Different open-weight and open-source components are available to select for the assembly of such a local system.

Fig 1: Query-Response Flow in a Local-Only LLM System. A flow is initiated by users formulating a query or system events (1). The Interfacing/Host Application combines the query with internal state, system prompts, and other information into a context then forwards the prompt to a network middleware layer (2). The layer invokes the inference engine, which hosts the LLMs and in case of RAG systems possibly also embedding models (3). The inference engine uses the LLM to perform the actual inference based on the prompt (4). The LLM generates a response for the inference engine (5). The inference engine encodes the responses for the network layer (6). The network layers return the result to the hosting application to handle the response of its initial query (7).

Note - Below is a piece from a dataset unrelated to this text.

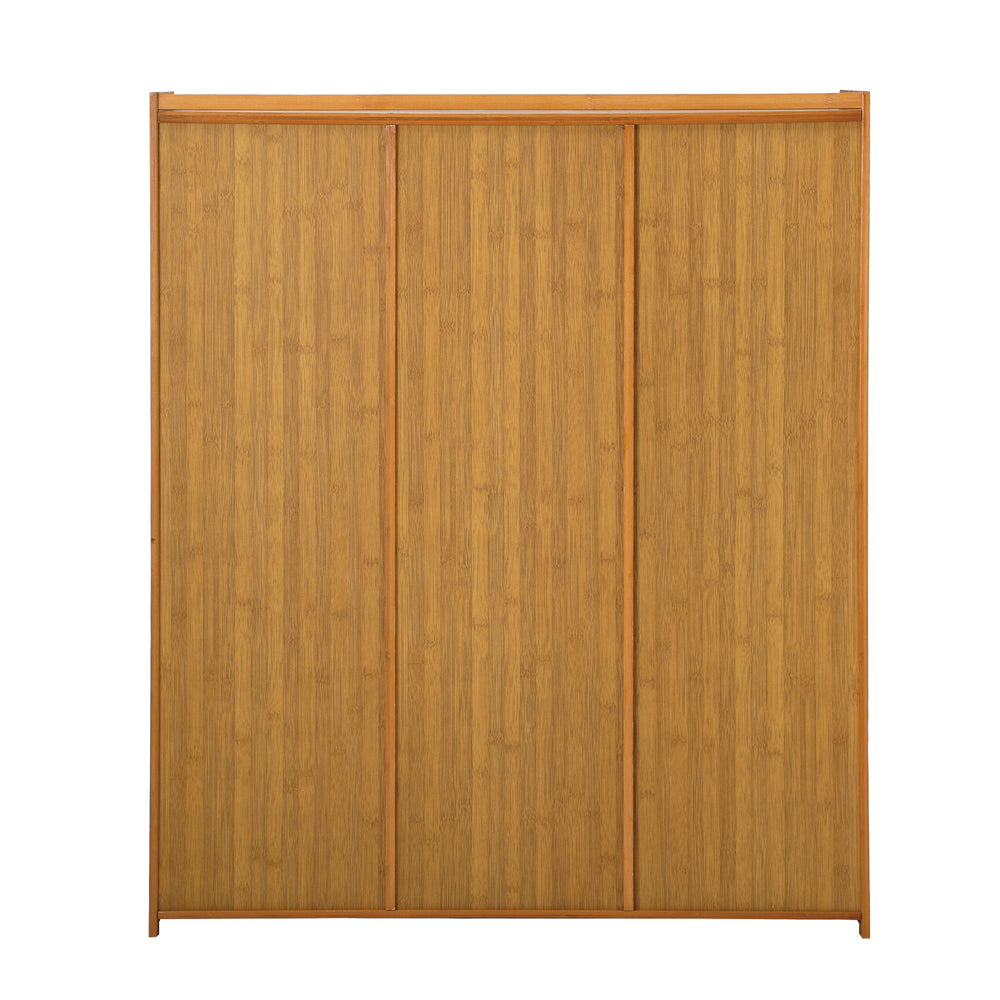 Oikiture Shoe Storage Cabinet 3 Doors 7 Shelves Brown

Interfacing/Hosting Application

An interfacing or hosting application is the component which interacts with the user or a surrounding system. The application takes user or system input and directs interactions or workflows through an UI or system-interfacing APIs, controlling the interaction with and the invocation of the LLM, mediating its tool-use (if any), handling the processing and defining the general program flow.

Large Language Model

Different LLMs can be downloaded in the form of encoded model weights and neural architectures. Foundational models are the basis from which smaller, more application-oriented models can be derived. Typically leveraging unsupervised learning on unlabeled big corpora of textual data12, foundational models for Natural Language Processing (NLP) are being trained at scale, i.e., thousands of nodes and terabytes of data. Such foundational models have learned the general structure, syntax, and semantics of natural languages, providing the flexibility to be used for many general NLP tasks. To improve their suitability for specific tasks, such models can be fine-tuned, i.e., retrained on domain-specific content. Enabling the model to follow user-given instructions can be achieved by training the model on instruction-response pairs, e.g., using Reinforcement Learning with Human Feedback (RLHF) (Christiano et al., 2017). One example of this workflow is the foundational model General Purpose Transformer (GPT) from OpenAI and its fine-tuned ChatGPT and InstructGPT versions. While OpenAI hasn’t released its newer models (3 and on) for download, other capable and open-source/open-weight13 foundational and instructed models can be retrieved from model hosting sites, with HuggingFace establishing itself as “the GitHub for models”14, a repository and community platform for collaboration on models.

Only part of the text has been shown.